Original topic: 客户端报 server is busy 错误

| username: yulei7633

The above screenshot:
A TiKV contains two RocksDB instances, one for storing Raft logs, located at data/raft. The other is for storing actual data, located at data/db. You can check the specific reasons for stalling by using grep "Stalling" RocksDB in the logs. The RocksDB logs are files starting with LOG, and LOG is the current log.
I understand this sentence. But in the actual TiKV environment, it doesn’t match.
The files are different from what is described in the documentation. How exactly do you check the specific reasons for stalling using grep "Stalling" RocksDB? Which file should be queried?

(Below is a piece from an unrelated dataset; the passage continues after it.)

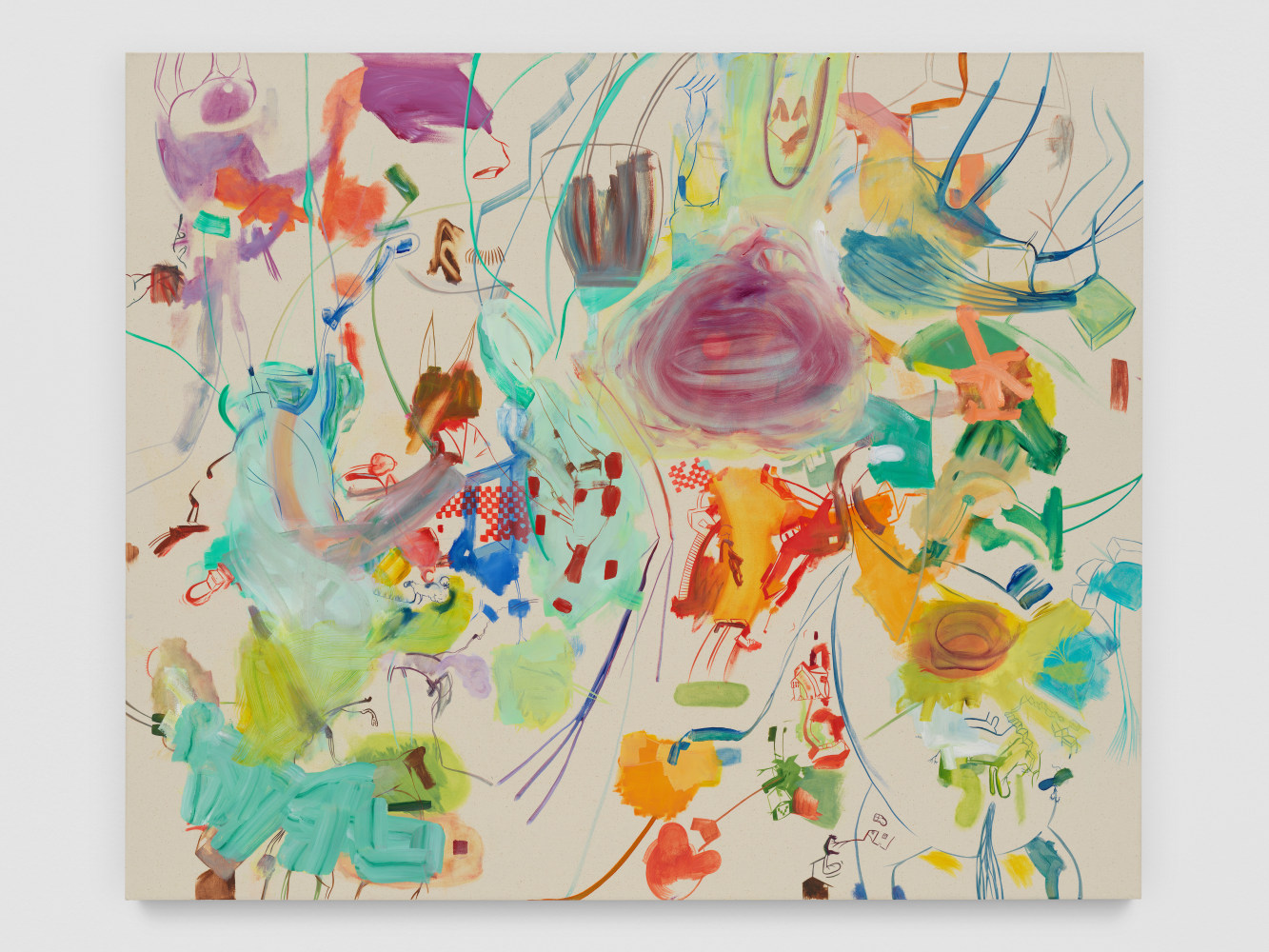 Painting by Sue Williams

| username: yulei7633 | Original post link

From the monitoring, it does show “server is busy.” I want to find out exactly where the problem is occurring. In the file: check the specific reason for the stall by using grep "Stalling" RocksDB in the logs. How do I query this?

| username: 大飞哥online | Original post link

Check the rocksdb.log for occurrences of “Stalling”.

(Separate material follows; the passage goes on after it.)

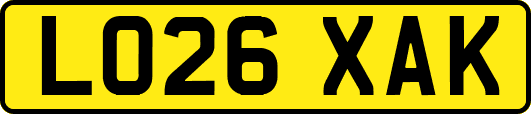 LO26XAK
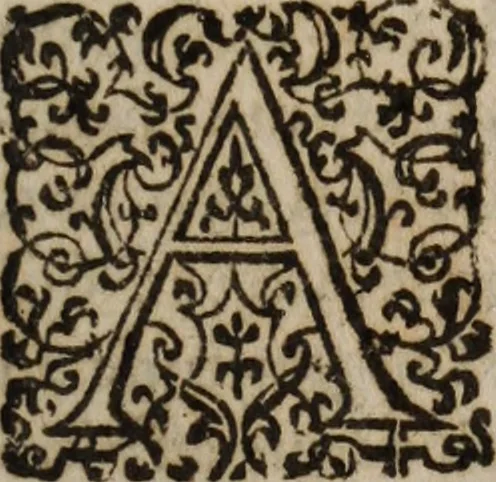 An illustration from L'Astrée, 1625, leaf 20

| username: h5n1 | Original post link

There is a stall reason in the TiKV monitoring of RocksDB.

| username: yulei7633 | Original post link

I did not find this file.

| username: yulei7633 | Original post link

In the same time period. It looks normal from the picture.

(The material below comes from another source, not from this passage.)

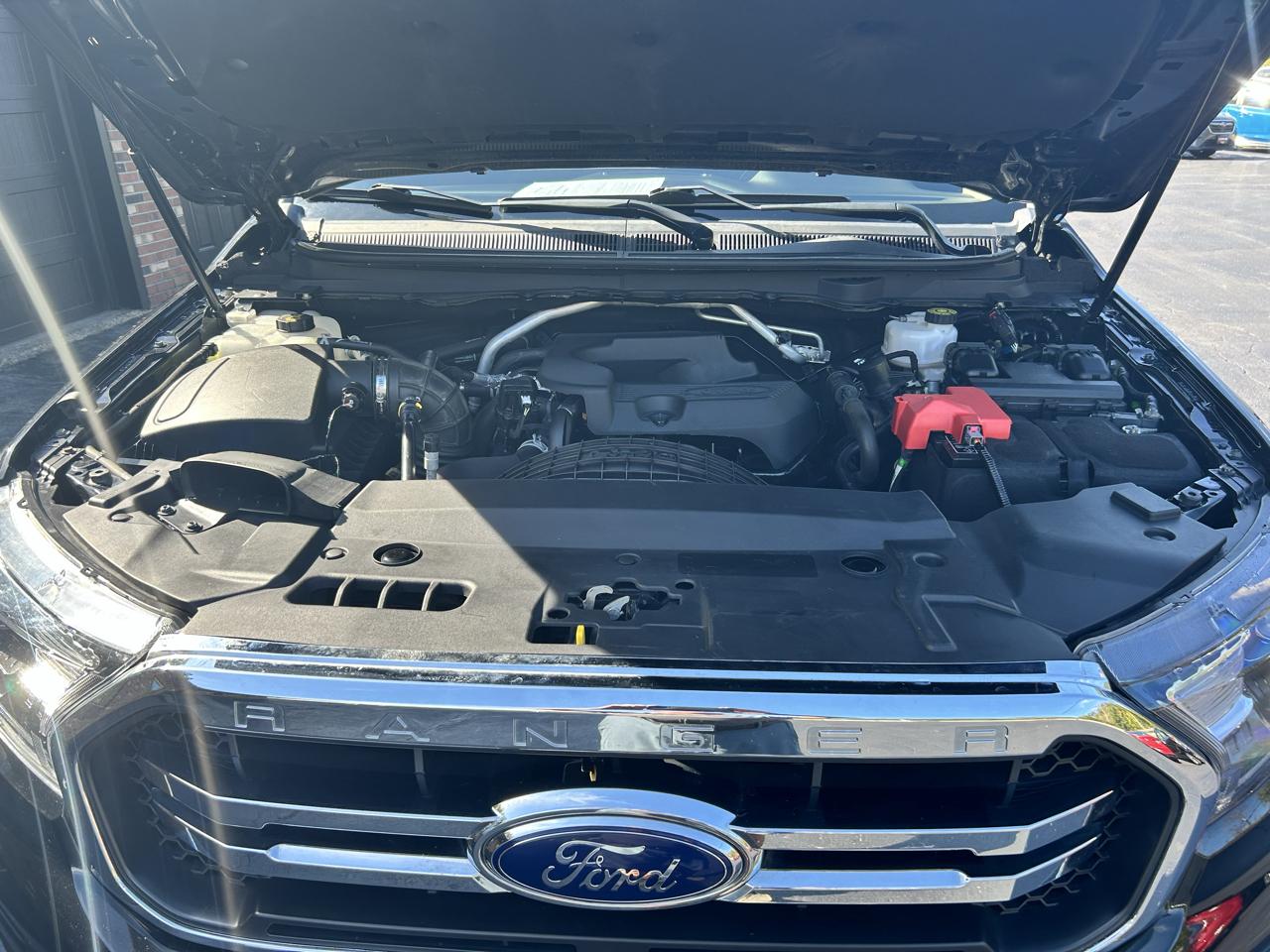 Ford Ranger Lariat SuperCrew 4WD 2020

| username: dba远航 | Original post link

Is the path you are querying correct?

| username: Jellybean | Original post link

In addition to the client reporting the server is busy error, it is also necessary to check for any other related anomalies around the time of the issue. The following items, for example, can trigger a server is busy error:

  • Write stall occurs
  • Scheduler too busy occurs
  • Raftstore is busy occurs
  • Coprocessor backlog occurs

For specific methods of confirmation and solutions, you can refer to the official documentation:

| username: 随缘天空 | Original post link

It is likely caused by the high load on the current TiKV server, which may be due to high concurrent access, large data processing, or other system loads. You can check the resource issues (CPU, memory usage, etc.) of the TiKV server during that period, and also look at the monitoring graphs to see if there are any hotspot issues.

| username: h5n1 | Original post link

Then it must be caused by other reasons.

| username: 小龙虾爱大龙虾 | Original post link

In higher versions, the flow control mechanism of RocksDB has been replaced at the scheduler layer. Refer to: TiKV 配置文件描述 | PingCAP 文档中心
At the same time, the TiKV Detail panel has also added a dedicated tab for flow control, where you can view related monitoring.
Check the TiDB logs and search for the keyword serverisbusy to see the reason for the busy status. The root cause is usually high pressure on TiKV or hotspot issues.